EL FINAL DE LA SEMANA SANTA Y LA CRISIS DE VOX CIEZA

El periodo vacacional de la Semana Santa ya ha concluido y será dentro de dos semanas cuando podamos conocer con seguridad si las normas restrictivas por la pandemia del coronavirus se han cumplido o no. Será entonces cuando se refleje en las cifras de Sanidad si hay un aumento ostensible de los casos positivos o si, por el contrario, no hay tal aumento.

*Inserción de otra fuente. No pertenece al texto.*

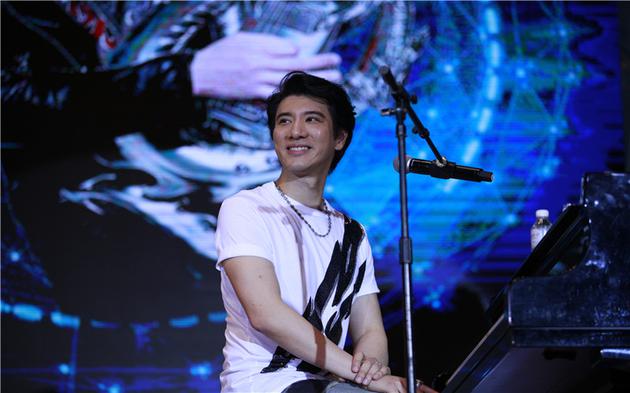 王力宏亮相天津与千余名粉丝亲密互动,并感性回顾自己得二十年星途.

Es cierto que en los días más emblemáticos de la Semana Santa, como son Domingo de Ramos, Viernes Santo y Domingo de Resurrección se ha notado bastante trasiego de personas en las zonas céntricas y en los locales de ocio de la localidad. Incluso se han producido las, lamentablemente, “típicas” peleas y agresiones que se suelen suceder en un Viernes Santo “normal”. En un total de tres peleas debieron actuar los agentes municipales. Por desgracia, todavía hay personas que creen que la pandemia no va con ellos, a pesar de todo el dolor y el sufrimiento que está dejando el coronavirus durante el último año. Deseamos que la cifra de contagiados no aumente considerablemente y que la ciudadanía ciezana haya sido consecuente con la dramática situación en la que nos encontramos. Por el bien de todos.

En el ámbito político local las aguas “andan revueltas”. La gestión política de los grupos de la oposición deja al descubierto múltiples carencias, lo cual permite al Gobierno local realizar su labor con mucha tranquilidad y sin notar el aliento de una oposición seria y curtida. Todo lo contrario, la actual oposición peca en exceso de falta de experiencia, que se ve reflejada en sus intervenciones en los Plenos municipales, donde poco aporta.

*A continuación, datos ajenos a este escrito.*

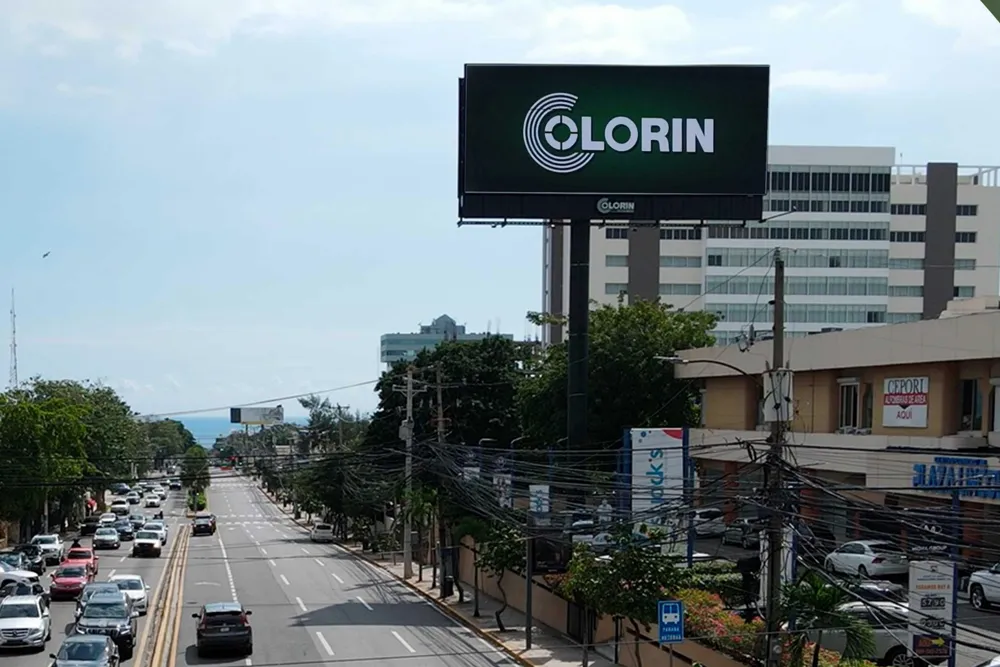 Av. Abraham Lincoln casi esq. Av. 27 de Febrero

Fiel reflejo de esta situación ha sido el estallido, de carácter público ya que internamente era conocido, de la crisis en Vox Cieza. La salida del partido de Juan Piñera, líder y fundador de la formación política en la localidad, llevándose el acta y declarándose concejal no adscrito deja en una situación muy precaria al partido. Su salida ha venido provocada por la toma de posesión como concejal, en sustitución de la dimitida María Dolores Carrillo, de Juanjo Piñera, exfuncionario de empleo de Vox y que mantiene una agria disputa con los hasta hace poco concejales del partido a los que denunció por un supuesto acoso laboral. Juan Piñera niega que existiese dicho acoso y no estaba dispuesto a compartir sillón con el nuevo edil. Además, manifiesta que se ha sentido desamparado por la dirección regional del partido por haber permitido que accediese al cargo el nuevo concejal. Últimamente se suceden, en el ámbito nacional, las denuncias de integrantes de Vox de que en el partido no existe la democracia y se actúa al dictado de la cúpula.

El caso es que la brecha que se abre en Vox Cieza es profunda. Los dos concejales que iniciaron la legislatura ya no están en el partido, pasan de tener dos ediles a solamente uno y la división e indignación entre los afiliados es latente y manifiesta. Y todo esto sucede en el peor momento posible para la formación conservadora: el PP está realizando “una OPA”, a nivel nacional, tanto a Ciudadanos como a Vox con el objetivo de reagrupar a las derechas en su seno.

Por tanto, habrá que esperar acontecimientos para dilucidar si Vox Cieza es capaz de cohesionar a sus afiliados y cerrar la crisis con el menor daño posible en sus filas. En caso contrario se puede dar la paradójica circunstancia de que el partido más votado en Cieza en las últimas elecciones nacionales no obtenga representación en el Ayuntamiento en las próximas elecciones locales. El tiempo dictará sentencia.